Yes. You asked for time. Do you still wish for it? I can give it to you—all the time in the world. I can turn you, Mina, if you wish.

“But the sunshine…” I said thickly. I didn’t want a life without sunshine. No, that wasn’t right. I didn’t want a life without Rafael. I didn’t want to die without Rafael. Curiously, Daphne’s words drifted through my mind.Sometimes, when it is truly quiet in the small hours of the night, I could swear I have heard the stars singing. The truth was she was right—my life had always circled blood and death and darkness. Even without Rafael in it, that was where I took comfort. I was never the lightness of a summer afternoon or a lemon-yellow gown. The darkness in my life was mine—it was me. It wasn’t because of Rafael. He was the only thing that brought me true joy and passion, and who gave me the ability to value life as much as I did. And with remarkable clarity, I knew my answer.

Yes, Laszlo. Give me more time. Give me darkness. Give me a chance at a future with Rafael.

The terrifying demon nodded once and bent his head to my neck. He raised his wrist above my lips and sliced his arm open with one long, sharp claw, and black liquid copper slid over my tongue and down my throat. Then he bent his head, and his lethal fangs found my throat—his claws digging into the bullet wound in my chest at the same time. I would have screamed from the agony, but my vocal cords no longer worked. Eternities of pain crashed through my body, igniting every nerve in a symphony of suffering, and then a cold, silent darkness descended, and I knew no more.

21

RAFAEL

April 28, 1768

Cimetière des Innocents

“Rafael,stop trying to wrench those bars apart; they’re not going to move,” Charlotte called to me from across the dungeon. “We have to come up with another plan.”

“Damn it, why can’t I pick this bloody lock?” Daphne shouted, discarding her fourth bent hairpin onto the floor.

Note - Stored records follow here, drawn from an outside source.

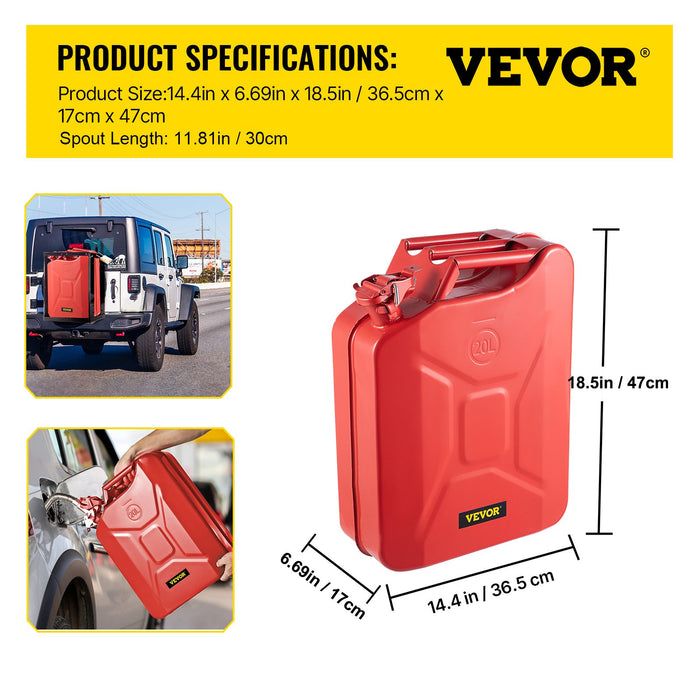VEVOR Jerry Fuel Can, 20 L Portable Jerry Gas Can with Flexible Spout System, Rustproof ï¼?Heat-resistant Steel Fuel Tank for Cars Trucks Equipment, 2PCS Red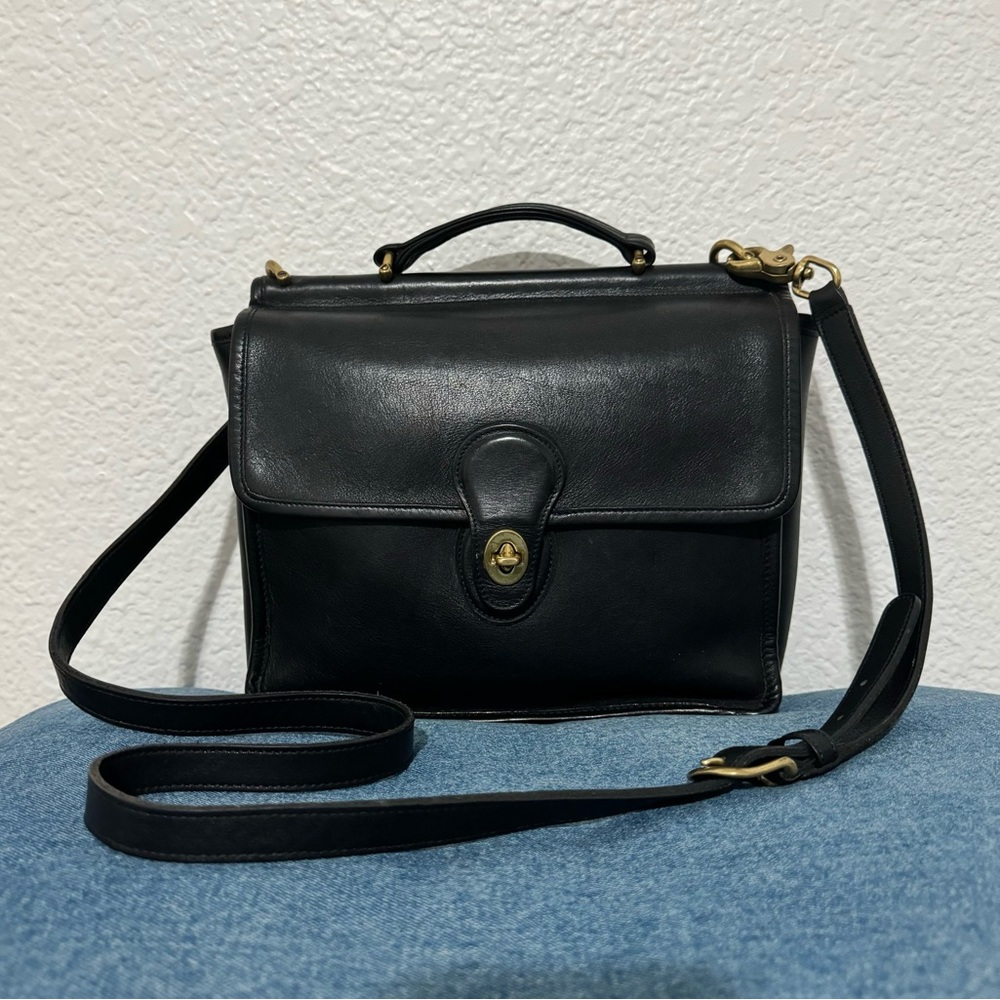 COACH Vintage WILLIS 9927 Black Leather Crossbody Bag Hungary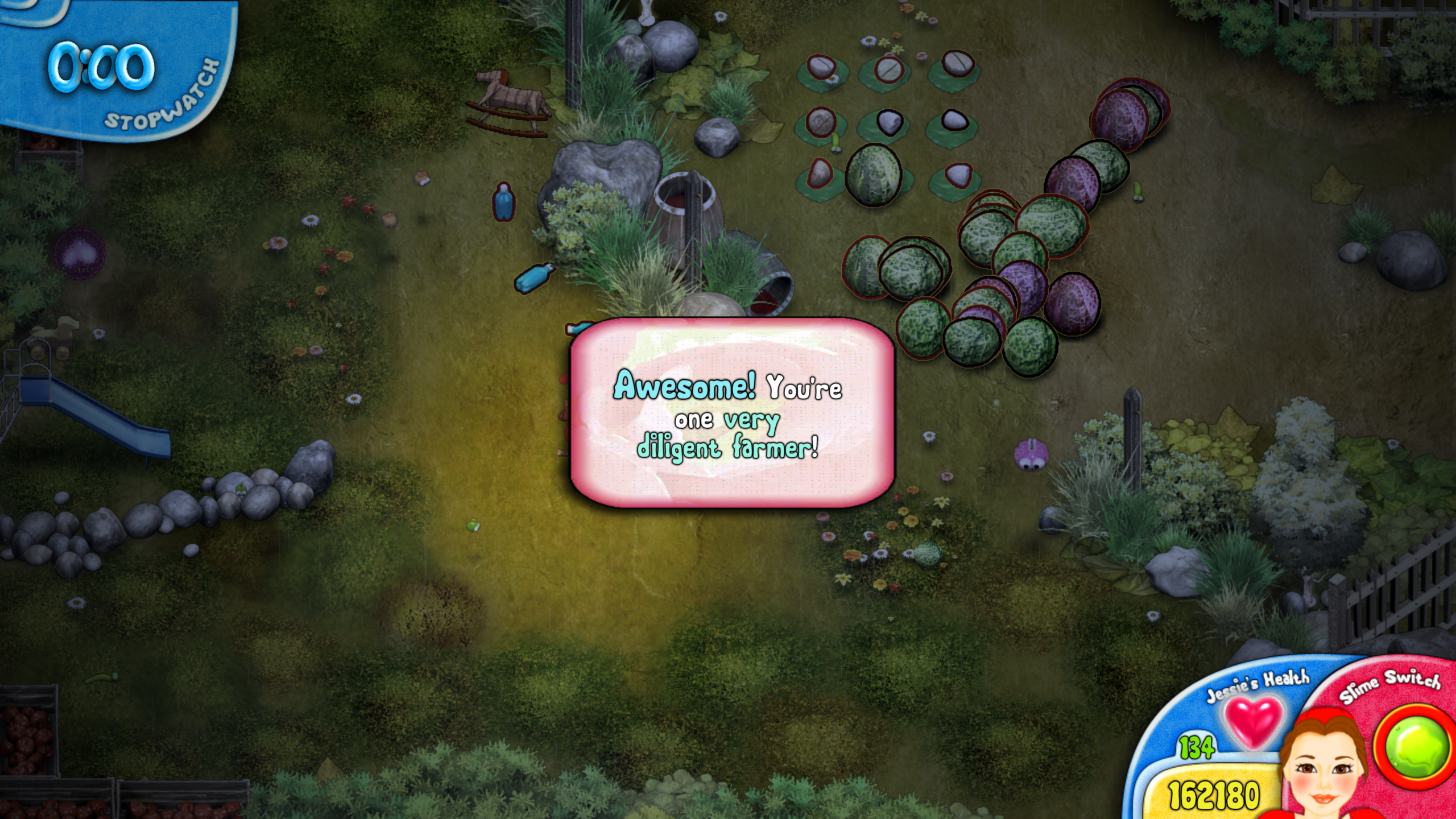 Bloom Busters level completion congratulating the player for diligent farming
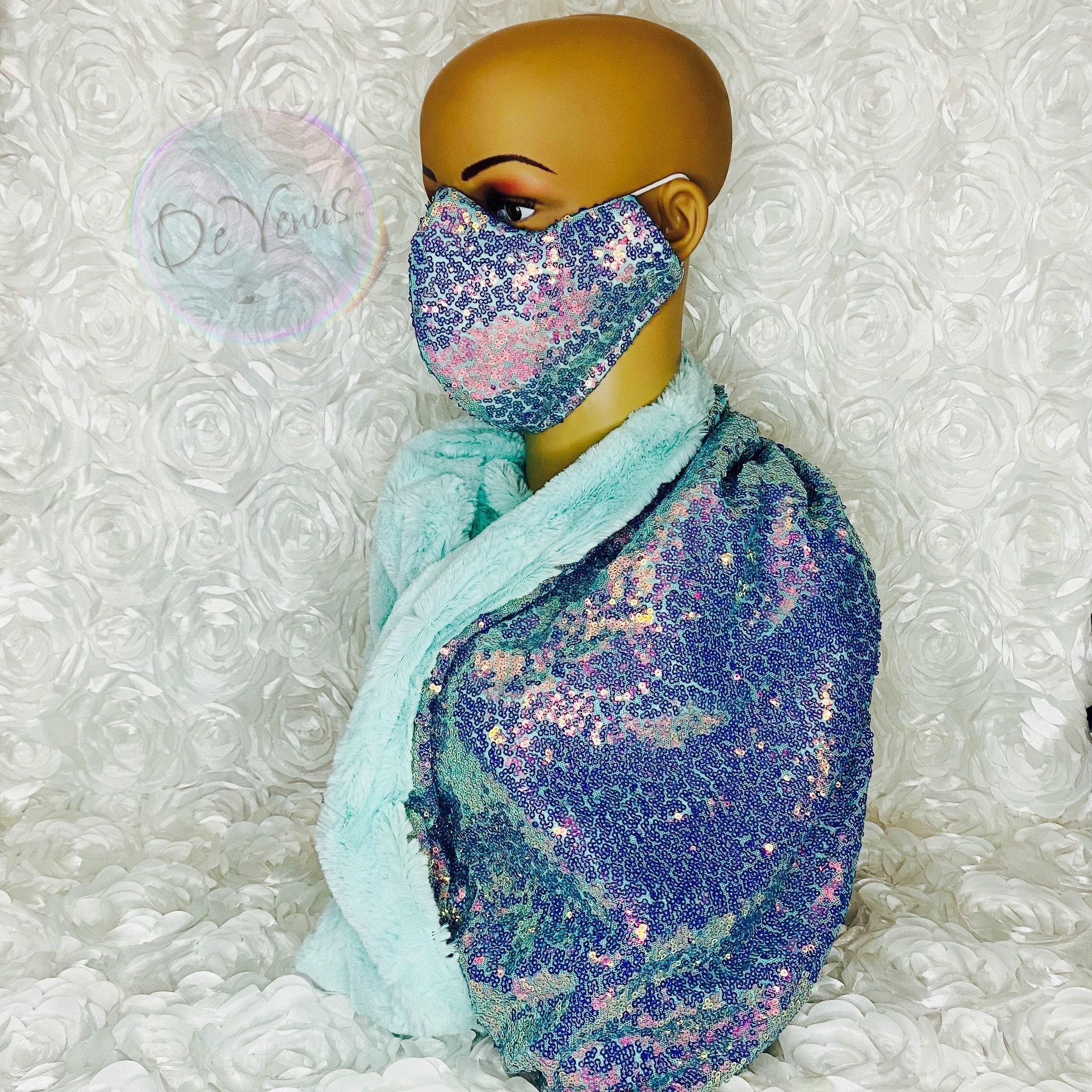 Turquoise Sequin Hooded Scarf with Chain Skinny Sequin Scarf ✨ SO Hannah Montana coded? main image 2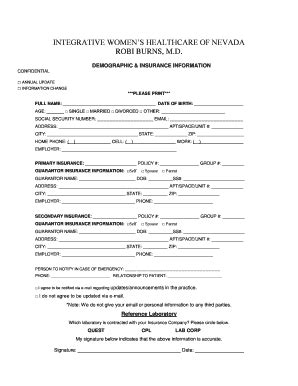 Patient Demographic and Insurance Form - Blank Fillable Template | Fill ...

I ignored the lot of them and heaved my shoulder against the hinges in the door, near feral with desperation to get to Mina. To keep me sane, I fantasized about all the ways I would torture each surviving member of the Order and punish Laszlo and Marguerite for betraying me.

The insistent throb of pain in my head and spreading weakness in my limbs sang the Judas silver’s song. Each time I flung myself at the bars, the pain echoed louder and louder, but I wouldn’t—couldn’t—sit in this pit and donothing.